Having just read Dispatches, the stoned, stream-of-consciousness prose poetry of Michael Herr’s classic account of his time covering Vietnam War, the detached, lucid prose of this book initially seemed a bit flat. But it perfectly suits the laconic, understated attitude McCullin brings to the varied and intense subject matter – whether it’s massacres in Africa or meeting the Beatles or the unlikely friendship he once struck up with Earl Montgomery.
Trips to war zones are covered in a few pages, insights dealt with in one or two pithy sentences. The battle of Khe Sanh in Vietnam takes up 60 pages of Herr’s book but gets just two paragraphs here – but it feels enough. There’s little fat, very little to come between you and the many highlights of McCullin’s extraordinarily long and colourful life. Which makes this a hugely enjoyable and absorbing book.

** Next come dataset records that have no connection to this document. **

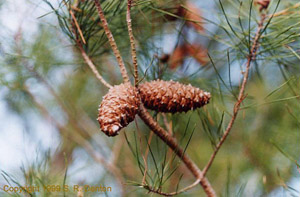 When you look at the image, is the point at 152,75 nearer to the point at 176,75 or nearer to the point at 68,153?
the point at 176,75

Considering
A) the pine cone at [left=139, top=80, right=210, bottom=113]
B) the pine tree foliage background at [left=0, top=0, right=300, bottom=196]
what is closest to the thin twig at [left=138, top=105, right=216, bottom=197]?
the pine cone at [left=139, top=80, right=210, bottom=113]

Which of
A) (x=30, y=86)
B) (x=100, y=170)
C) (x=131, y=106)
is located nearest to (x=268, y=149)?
(x=100, y=170)

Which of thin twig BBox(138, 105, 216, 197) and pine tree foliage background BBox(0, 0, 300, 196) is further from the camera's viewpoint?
pine tree foliage background BBox(0, 0, 300, 196)

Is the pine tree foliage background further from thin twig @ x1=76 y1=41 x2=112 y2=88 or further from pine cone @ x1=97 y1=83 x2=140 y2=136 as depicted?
pine cone @ x1=97 y1=83 x2=140 y2=136

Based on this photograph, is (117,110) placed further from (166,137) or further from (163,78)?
(163,78)

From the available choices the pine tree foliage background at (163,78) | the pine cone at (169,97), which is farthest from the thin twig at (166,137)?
the pine tree foliage background at (163,78)

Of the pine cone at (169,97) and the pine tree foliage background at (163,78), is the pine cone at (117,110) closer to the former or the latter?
the pine cone at (169,97)

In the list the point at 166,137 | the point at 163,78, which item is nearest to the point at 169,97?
the point at 166,137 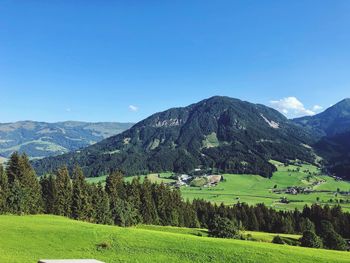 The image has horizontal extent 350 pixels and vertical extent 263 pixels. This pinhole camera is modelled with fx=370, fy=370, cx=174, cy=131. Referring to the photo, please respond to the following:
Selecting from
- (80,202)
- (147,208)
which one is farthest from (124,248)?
(147,208)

(By his own account McCullin suffers from severe dyslexia – as a result he didn’t passed any exams, has never liked reading and so, presumably, a great deal of credit for shaping this consistently spare, flat but very focused prose must go to the book’s co-author, Lewis Chester.)
Here’s an example, almost at random, of the book’s clipped, spare prose which is, nonetheless, gripping because it focuses so precisely on the relevant information and detail of the extreme events it describes. It’s January 1968 and McCullin is in Vietnam covering the Tet Offensive.
Under a heavy overcast sky, I joined the convoy of the Fifth Marine Commando as it started rolling up to Hue. It ploughed through heavy mud and rain, past houses collapsed and pitted by artillery, and columns of fleeing refugees. It was very cold. (p.116)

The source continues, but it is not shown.